Selon les statisitiques de la CNUCED, les investissements étrangers de la Chine ont commencé à prendre de l'ampleur à partir de 2002, après l'intégration du pays dans l'Organisation mondiale du commerce. Entre 2002 et 2006, les volumes investis ont été multipliés par 14.

Flux sortants

"30% à 40% des investissements directs de la Chine à l'étranger sont conduits à travers des fusions transfrontalières. Les IDE chinois ont atteint 52 milliards de dollars en 2008, avec une balance des paiements dépassant les 170 milliards de dollars… et ce n'est que le début", écrivent les stratégistes de HSBC dans une étude publiée vendredi.
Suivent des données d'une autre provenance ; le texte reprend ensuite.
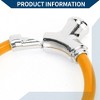 Unique Bargains Bicycle Lock Portable Ring Cable Anti-Theft Bike Lock Mini Ring Lock Orange 16.54" - 3 of 4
La banque estime que 2009 pourrait être la première année où les flux d'investissement sortant seront plus élevés que les flux entrants, avec 110 milliards de dollars investis à l'étranger contre 80 milliards de dollars investis en Chine.

Opposition

Mais cet appétit à l'international a parfois du mal à passer. On se souvient du tollé provoqué en 2005 par la tentative de rachat du pétrolier américain Unocal par CNOOC ou cette année, la rupture des discussions entre Chinalco et Rio Tinto pour une transaction de 19,5 milliards de dollars. Les Chinois ne sont pas uniquement à la recherche d'actifs dans les pays matures. Ils regardent beaucoup et de plus en plus les actifs des pays émergents, notamment en Asie, en Afrique ou en Amérique Latine.

Une chose semble certaine. Selon l'OCDE, la Chine va être l'un des premiers pays à retrouver un rythme de croissance rapide de son économie. Ses réserves vont continuer à s'accumuler et les Chinois continuent à épargner massivement, même si les autorités veulent à terme développer une demande interne pour contrebalancer leur statut d'atelier du monde. La conquête du monde par la Chine est loin d'être terminée.